• Task statement: Retype exactly the span of lines below from the one with "304 Lancelot Drive, Liberty, MO 64068" through the one with "NIKON D7500 z AF-S DX 18-140 VR". Do not include pictures.

• Given data:
[Start of Attachment]

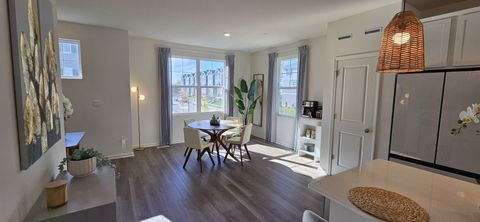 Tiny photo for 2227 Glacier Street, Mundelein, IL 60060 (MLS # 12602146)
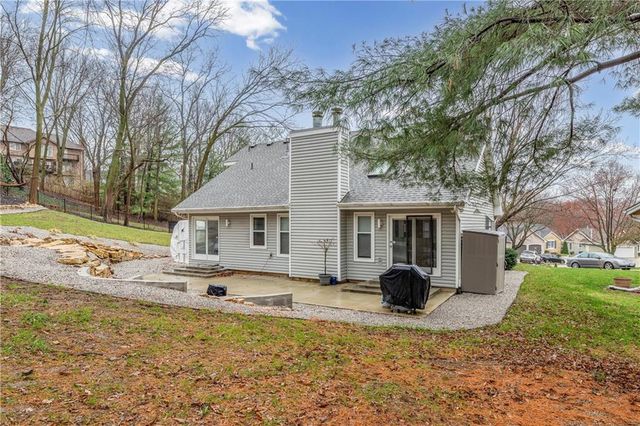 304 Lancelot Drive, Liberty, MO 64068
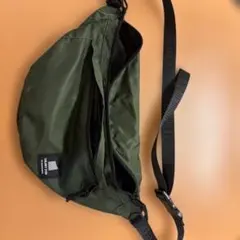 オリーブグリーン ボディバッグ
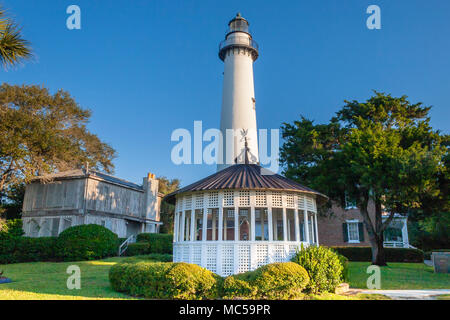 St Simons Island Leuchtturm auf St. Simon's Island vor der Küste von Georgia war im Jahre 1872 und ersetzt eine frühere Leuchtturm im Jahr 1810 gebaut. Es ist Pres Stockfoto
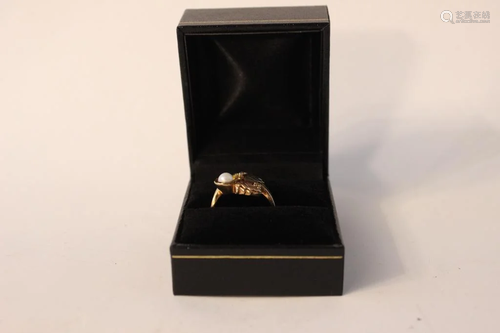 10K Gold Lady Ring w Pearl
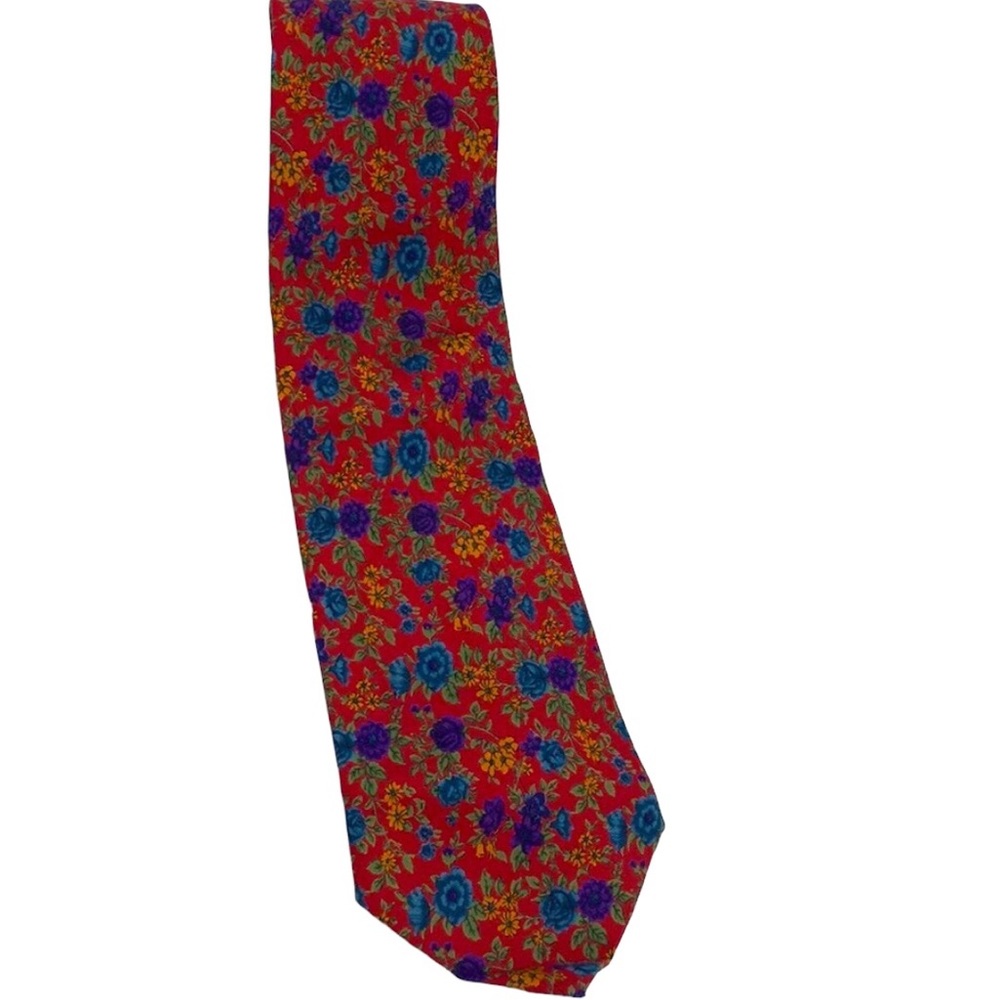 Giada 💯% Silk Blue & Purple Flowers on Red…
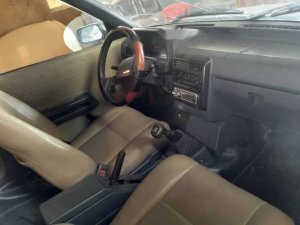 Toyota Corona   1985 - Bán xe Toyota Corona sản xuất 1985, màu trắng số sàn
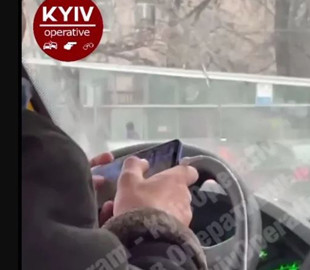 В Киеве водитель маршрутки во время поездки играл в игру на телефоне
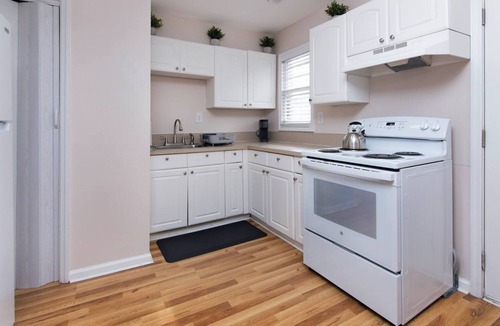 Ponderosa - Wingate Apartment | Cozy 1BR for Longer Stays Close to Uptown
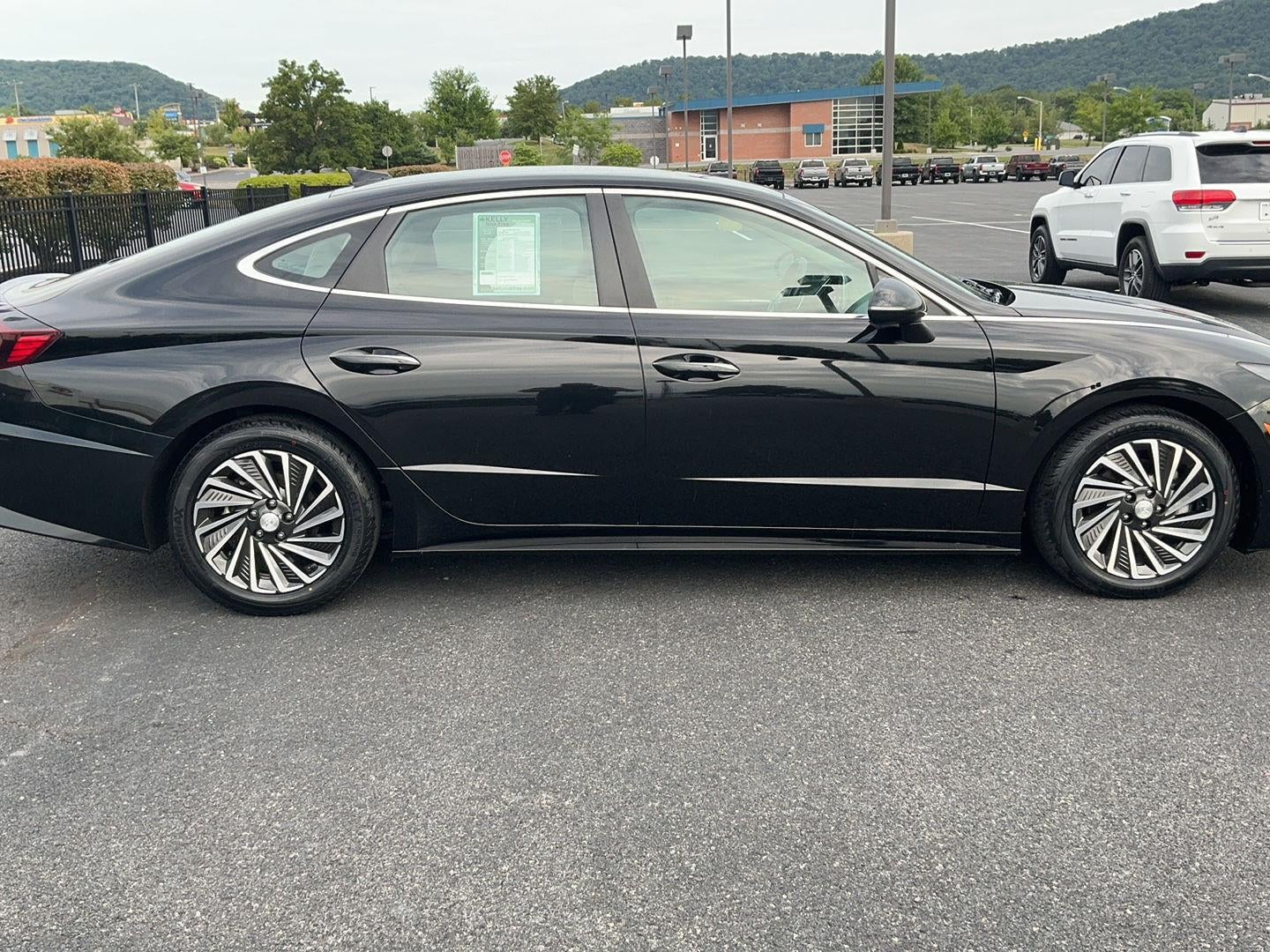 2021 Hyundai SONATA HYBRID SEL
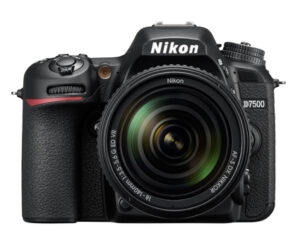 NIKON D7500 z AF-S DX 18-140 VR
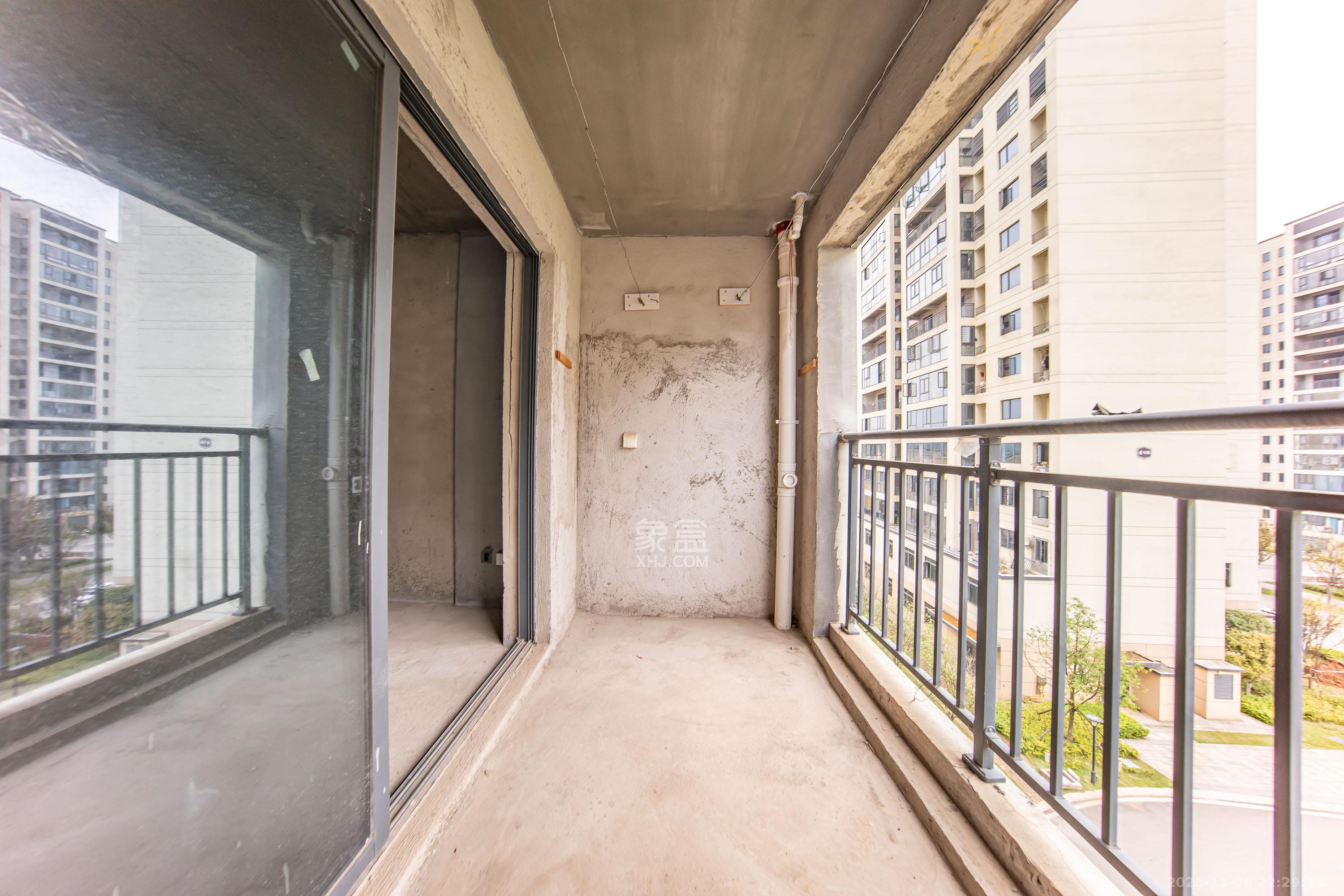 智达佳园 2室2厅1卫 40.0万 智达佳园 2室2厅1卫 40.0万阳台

[End of Attachment]

• Output:
 304 Lancelot Drive, Liberty, MO 64068
 オリーブグリーン ボディバッグ
 St Simons Island Leuchtturm auf St. Simon's Island vor der Küste von Georgia war im Jahre 1872 und ersetzt eine frühere Leuchtturm im Jahr 1810 gebaut. Es ist Pres Stockfoto
 10K Gold Lady Ring w Pearl
 Giada 💯% Silk Blue & Purple Flowers on Red…
 Toyota Corona   1985 - Bán xe Toyota Corona sản xuất 1985, màu trắng số sàn
 В Киеве водитель маршрутки во время поездки играл в игру на телефоне
 Ponderosa - Wingate Apartment | Cozy 1BR for Longer Stays Close to Uptown
 2021 Hyundai SONATA HYBRID SEL
 NIKON D7500 z AF-S DX 18-140 VR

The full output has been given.